■ **WHAT YOU NEED TO DO**
Only the lines below from the one that holds "Setúbal / Margem" through the one that holds "snad se ta doba" should appear in the answer, copied exactly, end lines included and pictures omitted.

■ **DATA**
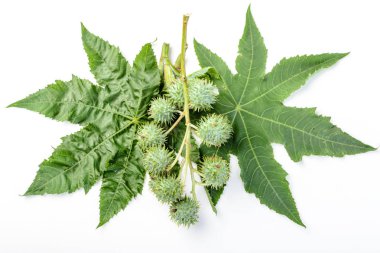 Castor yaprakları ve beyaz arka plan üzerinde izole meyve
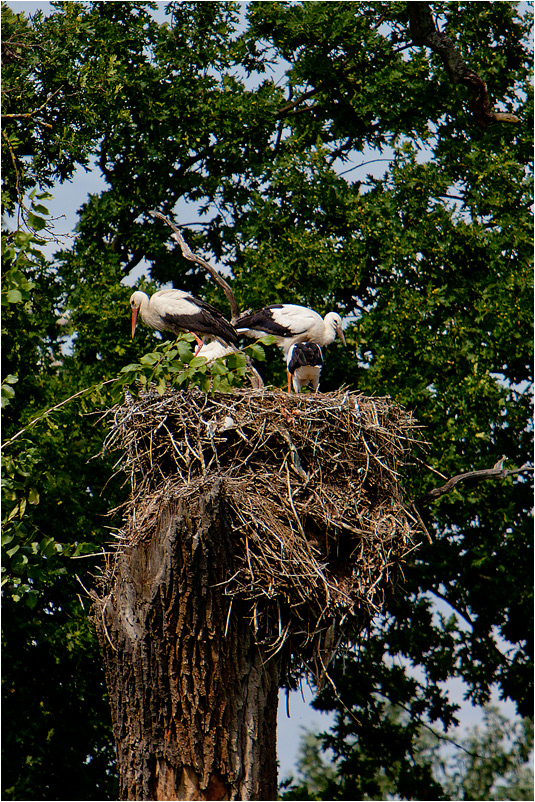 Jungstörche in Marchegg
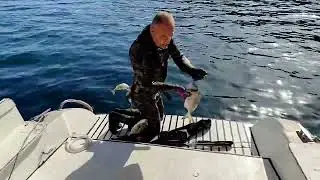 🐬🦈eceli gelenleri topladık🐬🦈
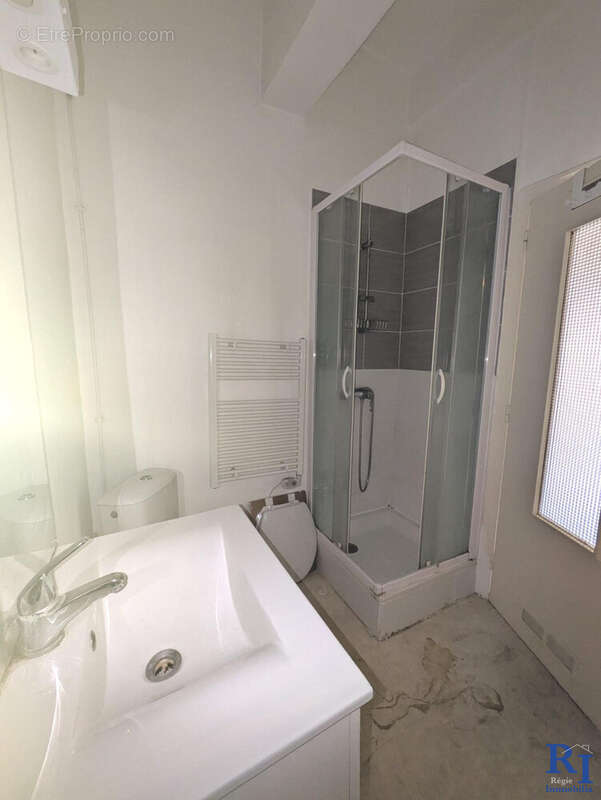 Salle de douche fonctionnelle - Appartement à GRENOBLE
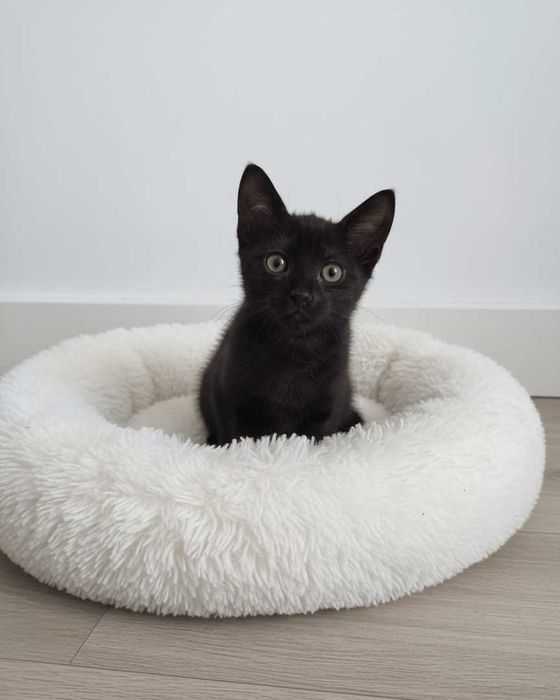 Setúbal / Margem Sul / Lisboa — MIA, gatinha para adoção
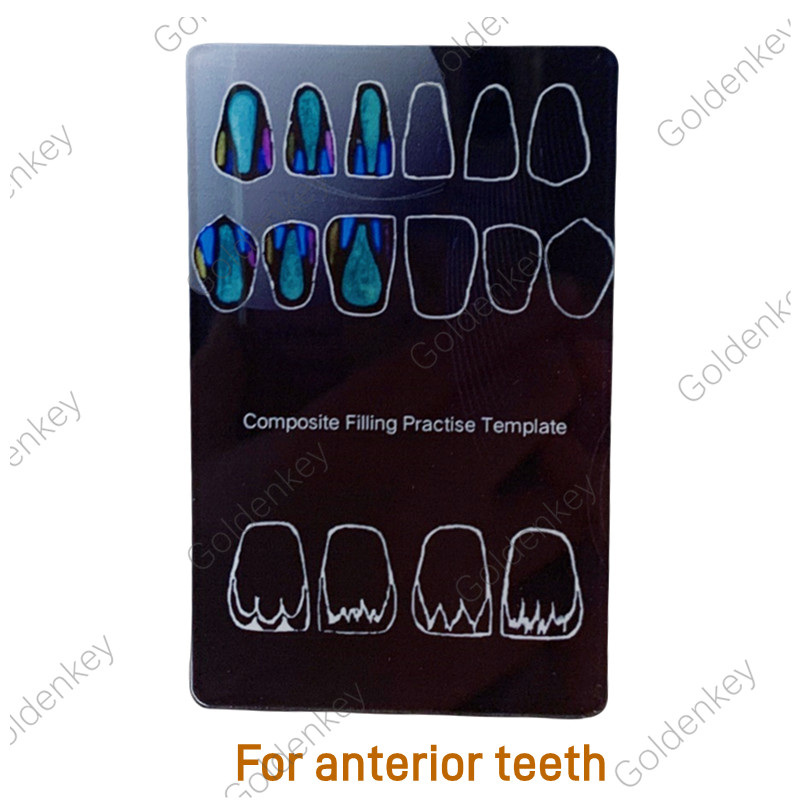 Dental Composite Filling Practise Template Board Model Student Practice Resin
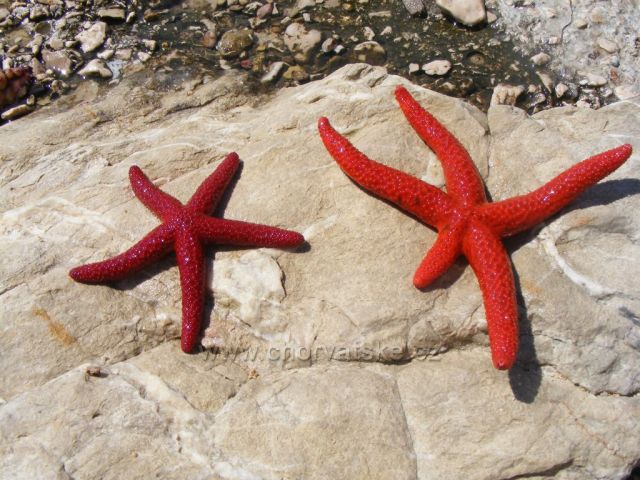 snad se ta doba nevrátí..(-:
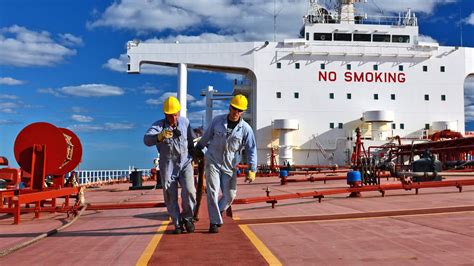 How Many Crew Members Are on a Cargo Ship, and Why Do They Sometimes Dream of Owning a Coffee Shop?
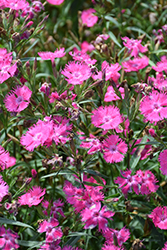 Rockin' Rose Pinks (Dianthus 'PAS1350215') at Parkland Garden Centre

■ **SOLUTION**
 Setúbal / Margem Sul / Lisboa — MIA, gatinha para adoção
 Dental Composite Filling Practise Template Board Model Student Practice Resin
 snad se ta doba nevrátí..(-:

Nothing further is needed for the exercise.